#### Work order:
Write the records below out again word for word, with the pictures removed.

#### Exercise material:

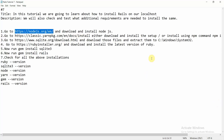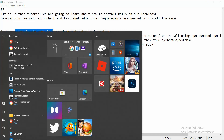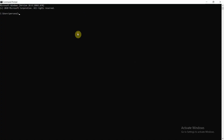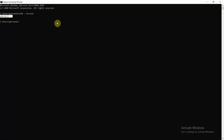Once Node.js is installed, you can run the command 'node --version' on your machine. I'll open the command prompt and type 'node --version' — here you can see Node has been installed on my machine, so it looks perfectly fine.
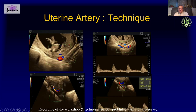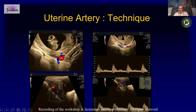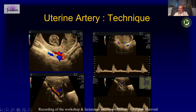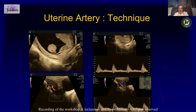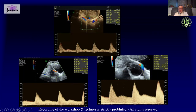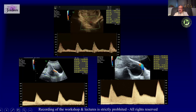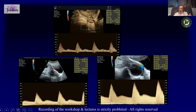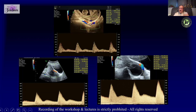We look at both the right and left uterine artery. What we are looking for is the mean PI — we no longer look at the pre-diastolic notch. We look at mean PI, and most of the time the machine will calculate it directly for us.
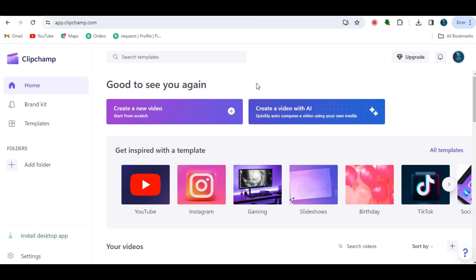You are now on the ClipChamp homepage. Click on create a new video option in the middle. A project will open.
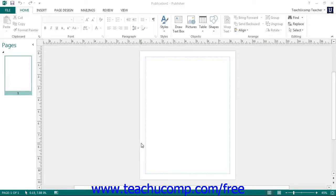To change the current publication's template, click the Change Template button in the Template button group on the Page Design tab.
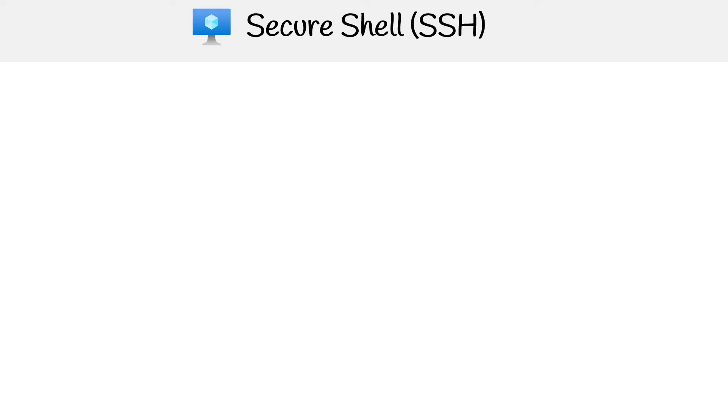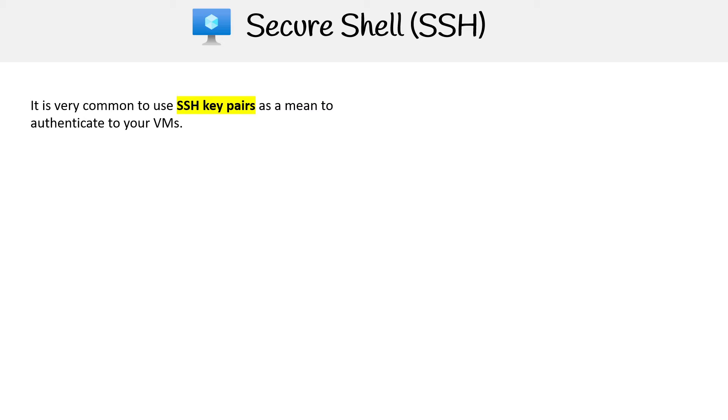Let's take a closer look at SSH and the most common way to access your VM or to authenticate yourself so that you're allowed to get into your VM with SSH is by using SSH key pairs.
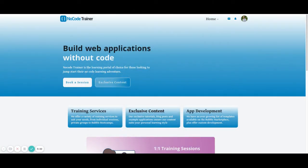This is Matt from NoCodeTrainer.com. I hope you liked this video and you can take what you learned from it and incorporate it into your own Bubble application.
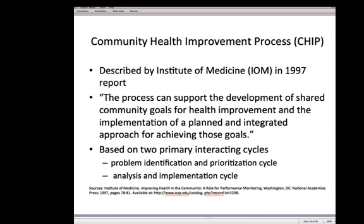In 1997, the Institute of Medicine, in its report on improving health in the community, developed the notion of a Community Health Improvement Process, or CHIP. They described it as a process that can support the development of shared community goals for health improvement and the implementation of a planned and integrated approach for achieving those goals — both identifying community health goals and implementing projects and programs to work towards achieving them. They based their process on two primary interacting cycles: a problem identification and prioritization cycle, and an analysis and implementation cycle.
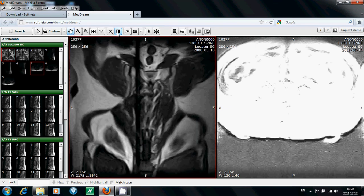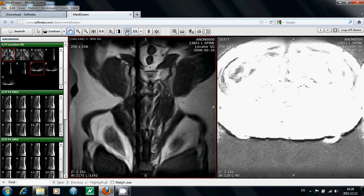MedDream also allows you to measure the images. The intensity button is used to measure the density of the diagnostic image.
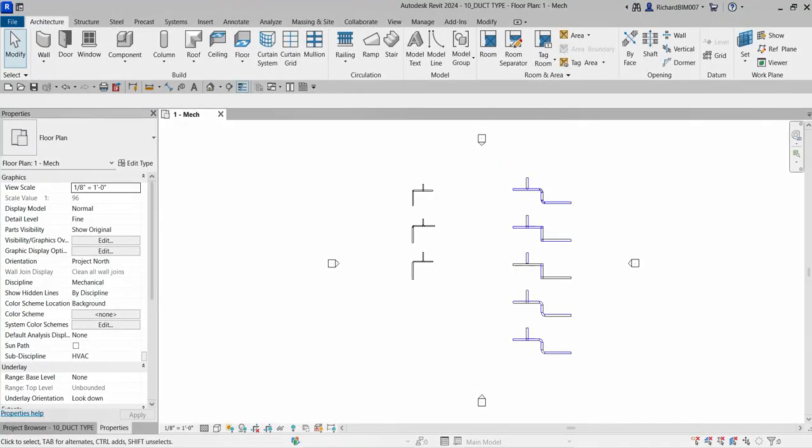What's up guys, Learning with Rich here. In this video we are going to continue our discussion for Revit Mechanical Design Professional certification preparation. We are going to talk about how to modify and edit our pipe types and duct types — how to create and edit the pipe and duct type.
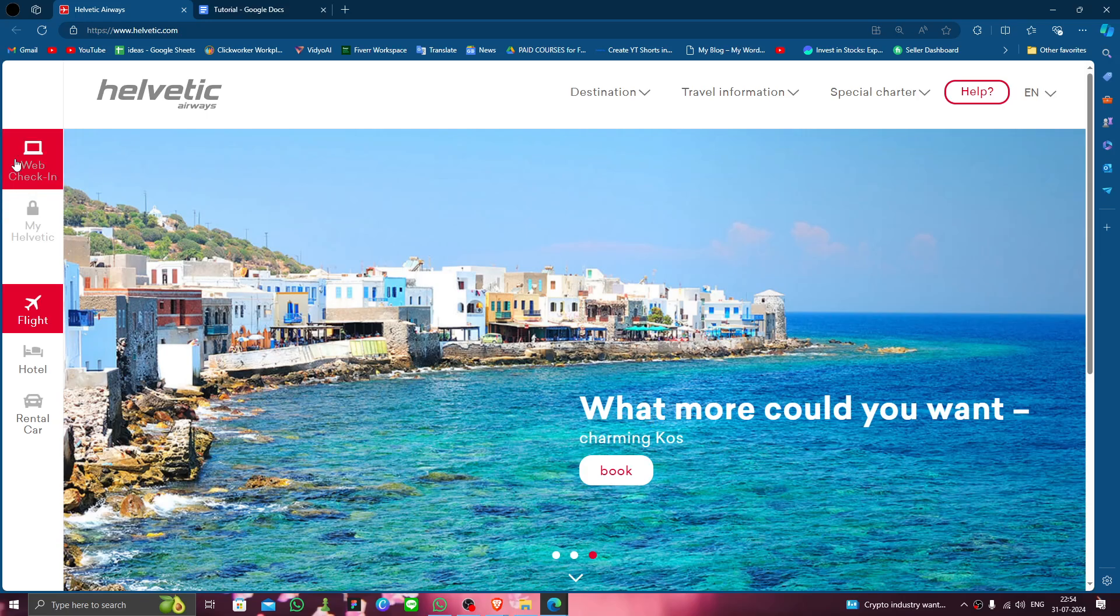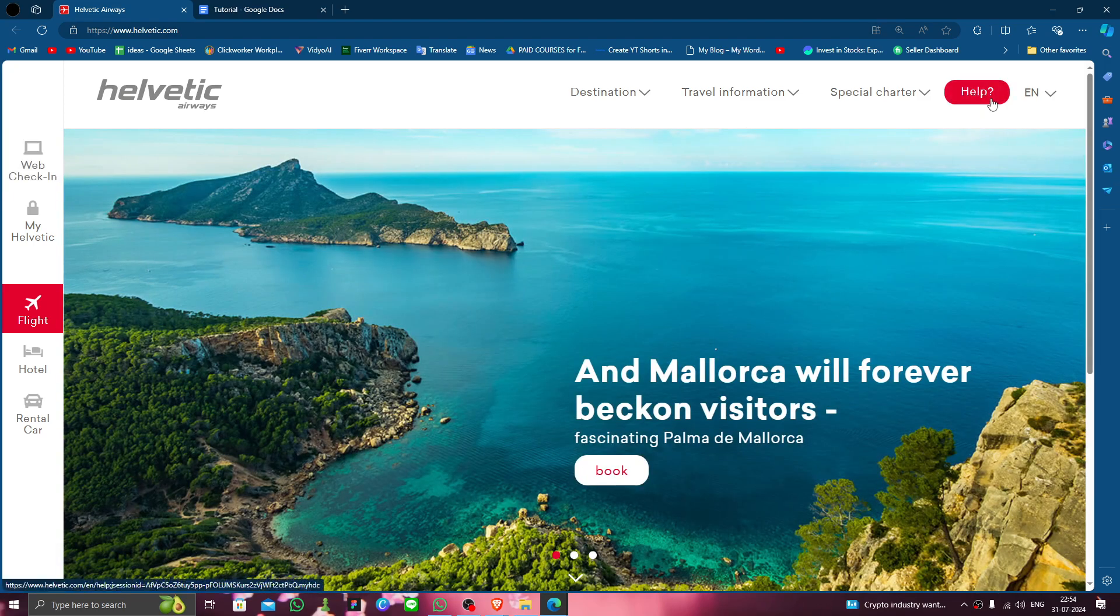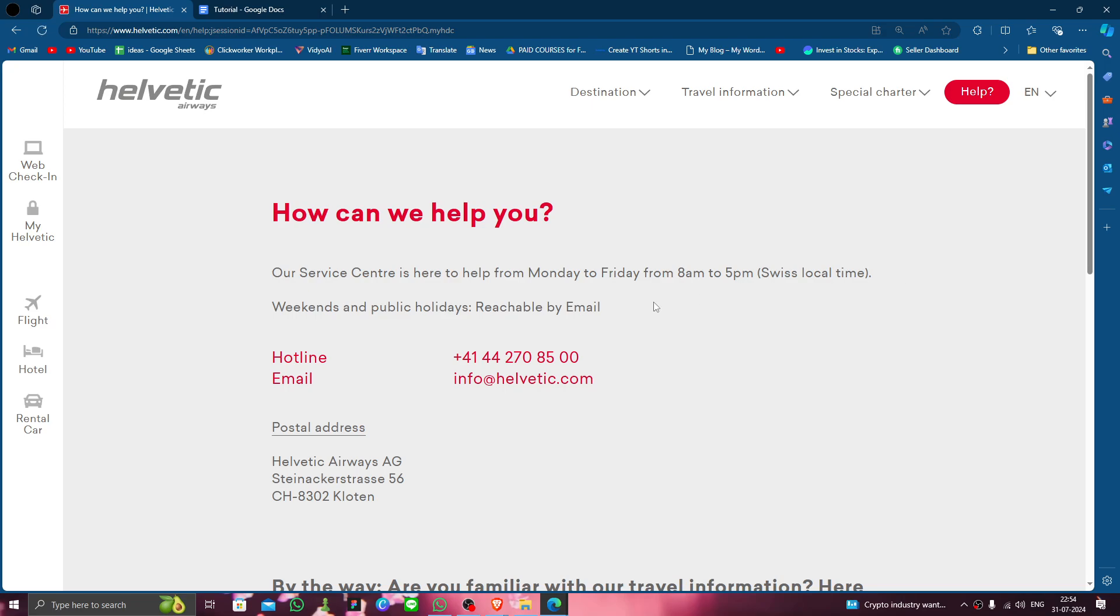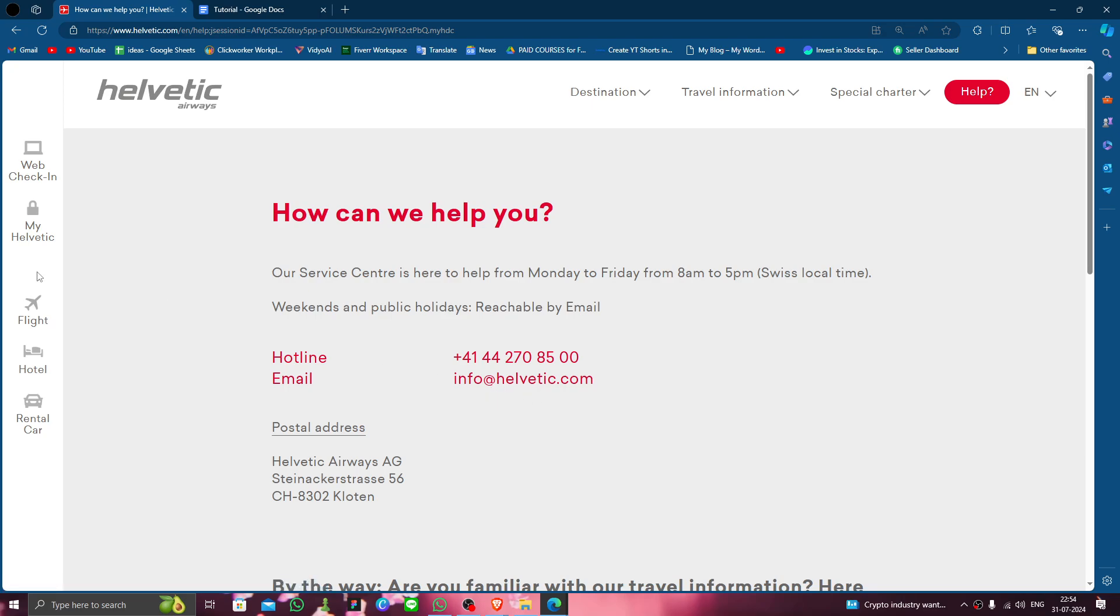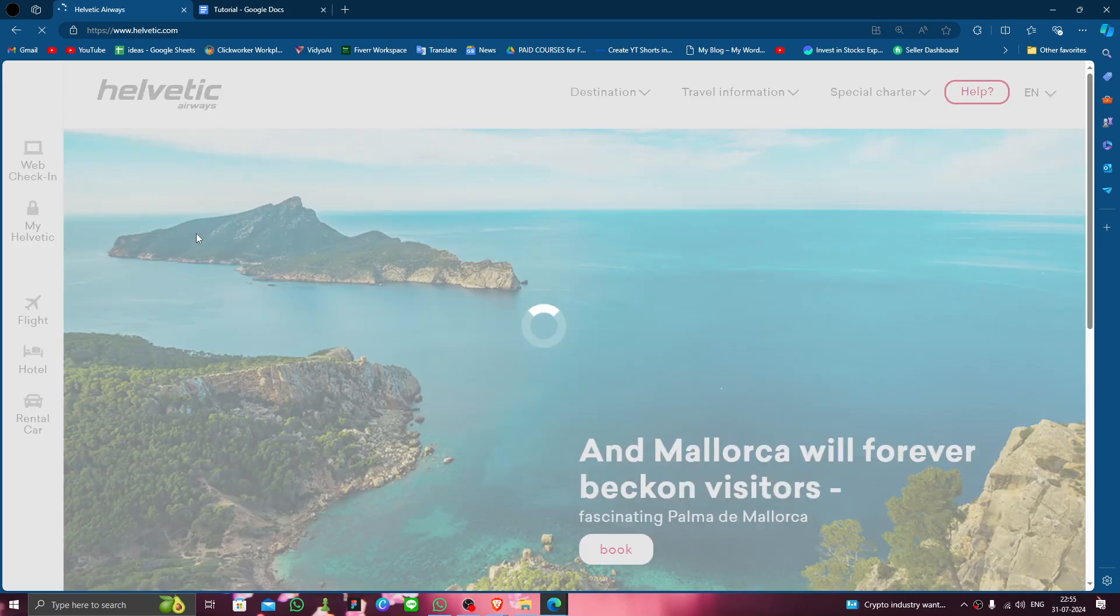First, you have to do the web check-in. After doing here, you have to go to the help section. Then here you can just call to this number or you can write a mail to this email that you want to delete your account and your account detail. So this is how to delete, remove, or uninstall the Helvetic Airlines account.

#### Output for this task:
Once Node.js is installed, you can run the command 'node --version' on your machine. I'll open the command prompt and type 'node --version' — here you can see Node has been installed on my machine, so it looks perfectly fine.
We look at both the right and left uterine artery. What we are looking for is the mean PI — we no longer look at the pre-diastolic notch. We look at mean PI, and most of the time the machine will calculate it directly for us.
You are now on the ClipChamp homepage. Click on create a new video option in the middle. A project will open.
To change the current publication's template, click the Change Template button in the Template button group on the Page Design tab.
Let's take a closer look at SSH and the most common way to access your VM or to authenticate yourself so that you're allowed to get into your VM with SSH is by using SSH key pairs.
This is Matt from NoCodeTrainer.com. I hope you liked this video and you can take what you learned from it and incorporate it into your own Bubble application.
In 1997, the Institute of Medicine, in its report on improving health in the community, developed the notion of a Community Health Improvement Process, or CHIP. They described it as a process that can support the development of shared community goals for health improvement and the implementation of a planned and integrated approach for achieving those goals — both identifying community health goals and implementing projects and programs to work towards achieving them. They based their process on two primary interacting cycles: a problem identification and prioritization cycle, and an analysis and implementation cycle.
MedDream also allows you to measure the images. The intensity button is used to measure the density of the diagnostic image.
What's up guys, Learning with Rich here. In this video we are going to continue our discussion for Revit Mechanical Design Professional certification preparation. We are going to talk about how to modify and edit our pipe types and duct types — how to create and edit the pipe and duct type.
First, you have to do the web check-in. After doing here, you have to go to the help section. Then here you can just call to this number or you can write a mail to this email that you want to delete your account and your account detail. So this is how to delete, remove, or uninstall the Helvetic Airlines account.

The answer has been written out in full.